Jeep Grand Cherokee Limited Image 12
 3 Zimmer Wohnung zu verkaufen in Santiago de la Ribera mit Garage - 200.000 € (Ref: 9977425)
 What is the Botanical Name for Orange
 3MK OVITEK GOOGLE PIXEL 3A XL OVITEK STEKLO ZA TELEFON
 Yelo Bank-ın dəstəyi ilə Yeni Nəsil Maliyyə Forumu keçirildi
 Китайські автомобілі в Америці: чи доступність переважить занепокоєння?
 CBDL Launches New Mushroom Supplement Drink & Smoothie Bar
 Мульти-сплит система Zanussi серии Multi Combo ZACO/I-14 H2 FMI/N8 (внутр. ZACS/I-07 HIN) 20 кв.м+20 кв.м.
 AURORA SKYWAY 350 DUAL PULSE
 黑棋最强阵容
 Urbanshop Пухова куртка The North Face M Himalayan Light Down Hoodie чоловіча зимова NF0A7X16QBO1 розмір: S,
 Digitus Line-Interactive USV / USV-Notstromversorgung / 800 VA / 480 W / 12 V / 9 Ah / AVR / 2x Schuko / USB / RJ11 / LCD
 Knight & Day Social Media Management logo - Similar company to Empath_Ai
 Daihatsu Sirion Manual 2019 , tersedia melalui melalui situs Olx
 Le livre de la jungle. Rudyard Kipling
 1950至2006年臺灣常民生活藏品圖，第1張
☆ ☆ ☆ ☆ ☆ ☆ ☆
TASK DESCRIPTION – Exactly as written, please reproduce the lines from the first line of the data to the line containing "Digitus Line-Interactive USV", inclusive, and nothing else.

RESULT –
Jeep Grand Cherokee Limited Image 12
 3 Zimmer Wohnung zu verkaufen in Santiago de la Ribera mit Garage - 200.000 € (Ref: 9977425)
 What is the Botanical Name for Orange
 3MK OVITEK GOOGLE PIXEL 3A XL OVITEK STEKLO ZA TELEFON
 Yelo Bank-ın dəstəyi ilə Yeni Nəsil Maliyyə Forumu keçirildi
 Китайські автомобілі в Америці: чи доступність переважить занепокоєння?
 CBDL Launches New Mushroom Supplement Drink & Smoothie Bar
 Мульти-сплит система Zanussi серии Multi Combo ZACO/I-14 H2 FMI/N8 (внутр. ZACS/I-07 HIN) 20 кв.м+20 кв.м.
 AURORA SKYWAY 350 DUAL PULSE
 黑棋最强阵容
 Urbanshop Пухова куртка The North Face M Himalayan Light Down Hoodie чоловіча зимова NF0A7X16QBO1 розмір: S,
 Digitus Line-Interactive USV / USV-Notstromversorgung / 800 VA / 480 W / 12 V / 9 Ah / AVR / 2x Schuko / USB / RJ11 / LCD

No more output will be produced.